Ce roman de François Emmanuel, initialement sorti aux Eperonniers en 1992, a été publié, dans une version revue et corrigée par l'auteur, aux Editions Labor en 2002. Avec, en prime et c'est un beau cadeau, une lecture très intéressante de cette oeuvre par Carmelo Virone. Qui présente une analyse personnelle de l'oeuvre, notamment le découpage du récit en trois chapitres portant prénom de femme ou encore la séparation ténue entre oeuvre romanesque et conte initiatique. Un regard enrichissant sur un texte étrange et je trouve pertinent ce rapprochement opéré par Virone entre "La nuit d'obsidienne" et le film "Stalker" de Tarkovski, évoqué par François Emmanuel en exergue du récit "Dans la lumière d'Andrei Tarkovski". On retrouve parfaitement dans ce roman l'ambiance étrange, un peu lourde et écrasante, de l'oeuvre du cinéaste russe, en particulier lorsque les hommes arrivent dans la Zone et y progressent à petits pas, au milieu d'un territoire dévasté. Une terre ravagée, c'est ce que représente l'île imaginaire de François Emmanuel, territoire rayé des cartes officielles pour cause de manoeuvres militaires secrètes, île sur laquelle vivent encore des gens, meurtris et terrorisés, obligés de passer d'un coin à l'autre, en pleine nuit la peur au ventre. Une île mystérieuse où la mort épouse la naissance et vice-versa dans un rituel cyclique de sept ans. Le poids de cette tradition hante encore les esprits et chacun y trouve son compte de frayeur mais aussi d'espoir.
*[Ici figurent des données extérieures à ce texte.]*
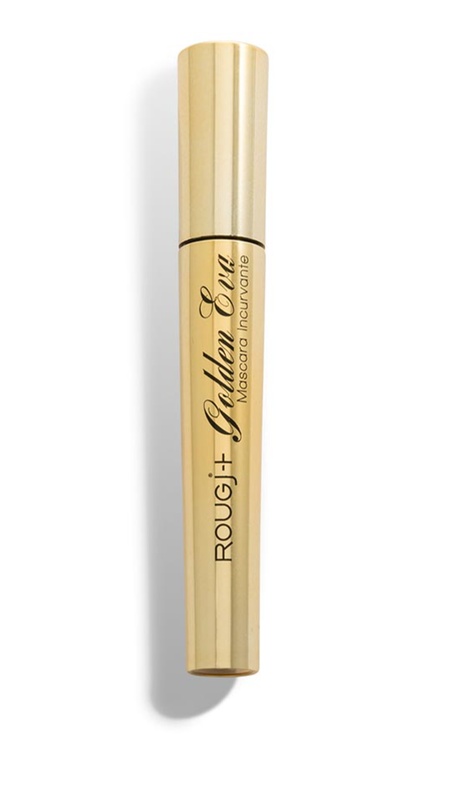 ROUGJ MASCARA GOLDEN EVA INCURVANTE - farmachicca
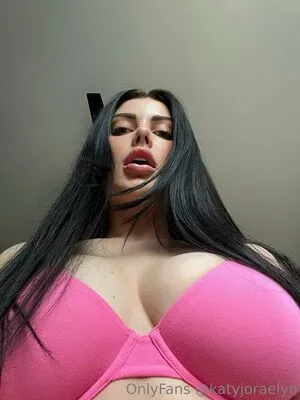 Katyjoraelyn OnlyFans Leaked Free Thumbnail Picture - #2jg1zYWsOz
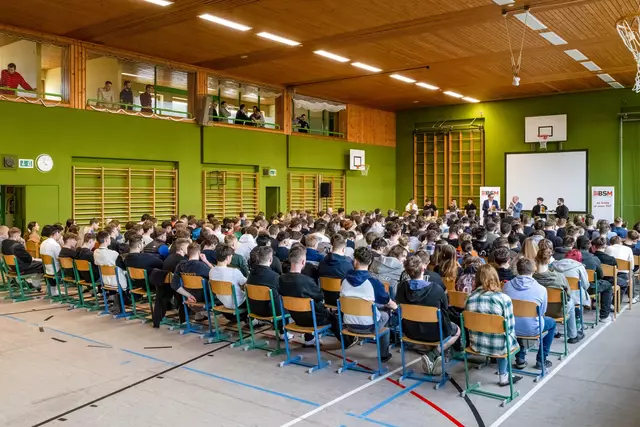 Foto: Hans Luttinger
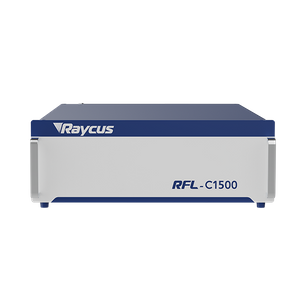 Raycus RFL-C1500H welding version continuous fiber laser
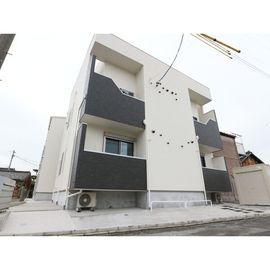 栄生駅より徒歩7分 2階 築6年の賃貸物件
Dans son analyse, Carmelo Virone cite Synge et ses textes sur les îles d'Aran. on pourrait également suggérer les îles Blaskett, vidées de leur substance humaine par un gouvernement irlandais qui estimait que les conditions de survie sur ces terres n'étaient plus acceptables pour ses habitants.
L'île de François Emmanuel fait naître la crainte et aussi un profond attachement pour cette zone à laquelle s'accroche déseséprément une poignée d'habitants. Elle dégage une aura particulière, suffisamment forte, pour provoquer la mort et une nouvelle naissance dans l'esprit du narrateur. Ce dernier revient de son voyage radicalement transformé, hanté par le poids des silences et des fantômes, devenu "un corps vide avec d'immenses réserves de souffle".
Un texte puissant que j'ai beaucoup aimé, pour sa gravité, pour cette communion avec une terre quasi disparue, pour la charge lourde, presque insurmontable, d'un passé de traditions qui empêche d'avancer tout en permettant de survivre.